A terminal illness diagnosis provokes a complex and intense series of discussions and decisions. The patient, his family, doctors, pastors, friends and support system must digest devastating information and determine how to meet it. There are many variables that influence the process, few of which are easy to navigate. Easing the transition from life to death is the thesis driving these difficult conversations, though, and for those facing terminal illnesses, physician-assisted suicide is an appropriate option.

However uncomfortable the topic – and it is greatly so, for centuries of cultural and religious taboos, if not for the personal heartbreak that losing one’s life or a loved one engenders – physician-assisted suicide can provide certain patients the relief they seek when facing a gruesome, painful and prolonged natural death. The Colorado Legislature is considering a measure that outlines the parameters for when such life-ending measures are appropriate. House Bill 1135, the Colorado Death with Dignity Act, provides a precise protocol for physician-assisted suicide, with many safeguards to ensure that patients who seek the option thoroughly are informed and exhaustive in their decision-making process, with access to support throughout.

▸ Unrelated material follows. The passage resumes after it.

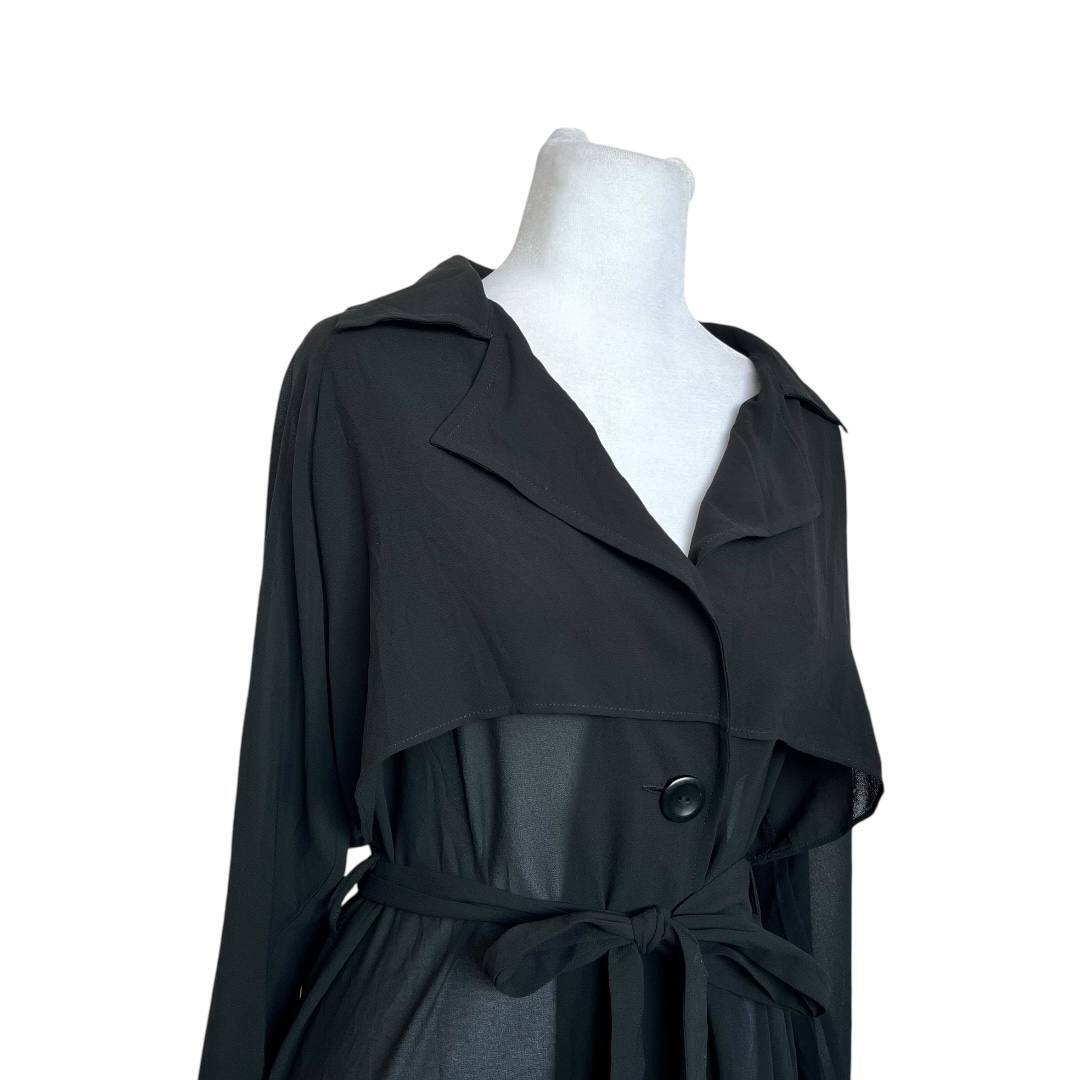 Elegant black sheer trench.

The bill, sponsored by Reps. Lois Court, D-Denver, and Joann Ginal, D-Fort Collins, would allow physicians to prescribe life-ending medication to terminally ill patients of sound mind who have been given fewer than six months to live. These patients must request the medication – three times: once in writing, twice verbally, with waiting periods between each request. The written request must be witnessed by two people, one of which can be neither a relative, heir or caregiver. The patient must be able to administer the medication himself – no physician, prescribing or otherwise – may do so. Further, the prescribing physician must first educate their patients about alternatives, including counseling, hospice or other treatments. No physician is compelled by this bill to prescribe life-ending medication, and no patient similarly is compelled to ingest it.

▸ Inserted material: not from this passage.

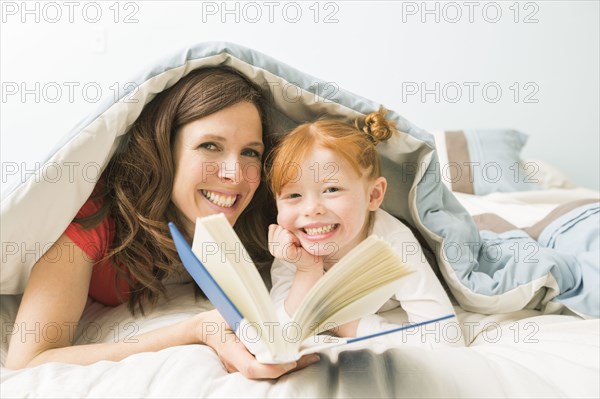 Caucasian mother and daughter reading book in bed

Given its careful construction, House Bill 1135 answers many of its opponents’ concerns about physician-assisted suicide. The Centennial Institute at Colorado Christian University issued a policy brief condemning the measure as “eugenics for the infirm,” claiming it would compromise doctors’ religious beliefs and serve as a slippery slope to rampant use of the practice as well as euthanasia. There is little evidence to warrant such fears. In Oregon, whose assisted-suicide law provides the model for Colorado’s measure, 71 individuals used the law in 2013 – among roughly 32,000 people who died in the state that year. Since the measure was implemented in 1997, the most Oregonians to use it in a given year was 85 – in 2012. The annual average is 47. Upward of one-third of those prescribed the medication choose not to use it.

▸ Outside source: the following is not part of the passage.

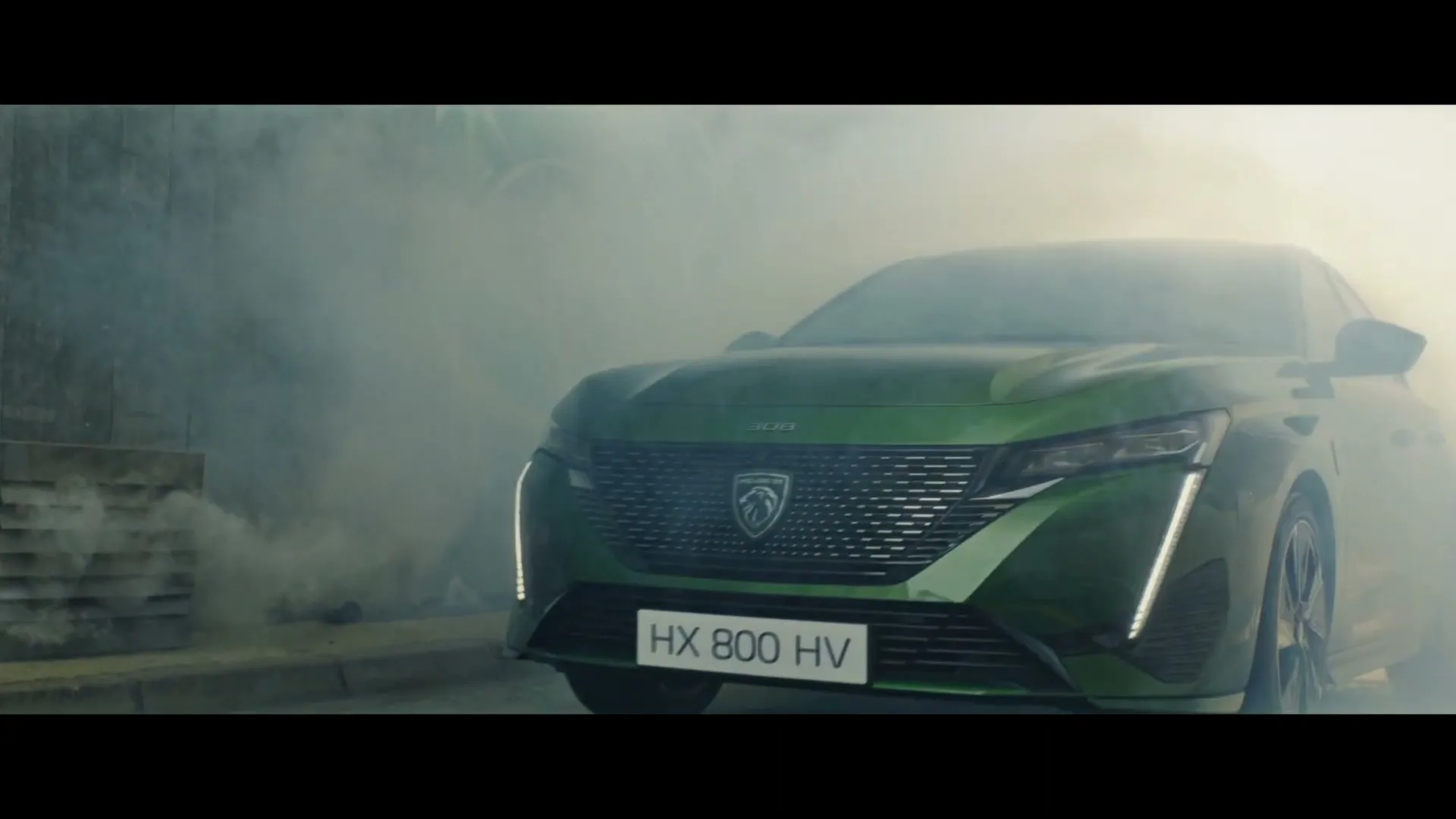 A green Peugeot car emerges from a cloud of smoke on a street, showcasing its front grille and headlights.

It seems, then, that the vast majority of patients seeking life-ending medication do so after exhausting all other possibilities and are choosing to end the suffering whose conclusion is impending. The prescribing physician is therefore performing the obligation to “ease pain and suffering and to promote the dignity and autonomy of dying patients in their care” – a call the Colorado Medical Society uses to frame its opposition to legalized assisted-suicide. The logic does not align. Further, House Bill 1135 addresses the American Medical Society’s concern that “Patients should not be abandoned once it is determined that cure is impossible. Multidisciplinary interventions should be sought, including specialty consultation, hospice care, pastoral support, family counseling and other modalities.” The concern is absolutely valid, and the Colorado Death with Dignity Act ensures that patients receive those interventions, as well as the autonomy to make painstaking decisions about all the alternatives – including suicide.